The leader of the city council said it would have to fork out £288,000 to buy or lease vehicles to collect the sealed caddies, containing food waste, from every home in Worcester, while a further £345,000 would have to be spent on labour costs annually.
The council would also have to stump up an additional one-off £200,000 charge to install the sealed caddies in every home.
The figures announced by Coun Simon Geraghty at full council do not take into account the cost of disposing the waste.
It would appear the spiralling costs have all but put a stop to the idea of introducing the scheme because the cash-strapped city council is desperately trying to plug the gaping £1.6 million hole in its budget.
However, Worcester MP Mike Foster, a Labour whip whose group locally have pushed for weekly food waste collections, dismissed Coun Geraghty's numbers as "back of a fag packet calculations".

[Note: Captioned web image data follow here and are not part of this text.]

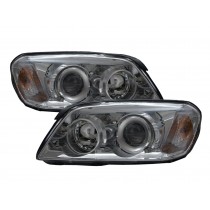 CrazyTheGod Winstorm 2006-2010 PRE-FACELIFT Wagon 5D Projector Headlight Headlamp Chrome for DAEWOO LHD
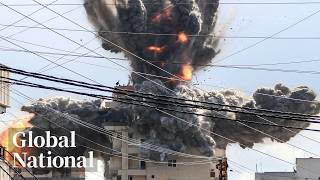 Global National: April 8, 2026 | Middle East ceasefire in jeopardy after Israel's strikes on Lebanon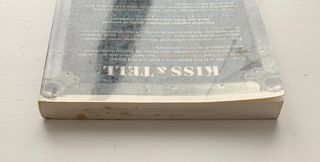 Kiss & Tell - libro sobre Ace Frehley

At this week's meeting Coun Geraghty said: "Clearly there is no budget provision for increasing this kind of service. We already have to make savings over the next few years so if we had to provide this we are looking at serious threat to other council services. It would be those non-statutory services - the community services, the arts and leisure - most at risk over such a scheme because we clearly have to pay for the statutory services.
"If the council decided to go down that path we will have to look very seriously at how we can achieve those savings on top of the savings we already have to make."
Speaking after the meeting, Mr Foster said: "Tax payers pay a landfill tax charge for all the food waste sent to landfill and that current policy is not acceptable. Food waste collection is the right way forward and quite frankly I give no credibility whatsoever to councillor Geraghty's numbers.
"They should be written off as fantasy and get this working party to meet and actually look at the issue in detail."
We reported in your Worcester News on Tuesday how a working party set-up to discuss wheelie bin collection services and the possibility of introducing weekly food waste collections to the city has still not met despite calls being made for the meeting to take place four months ago.
Mr Foster said Worcester City Council should have saved money from the introduction of fortnightly bin collections which could be put towards the cost of the weekly food waste collection service.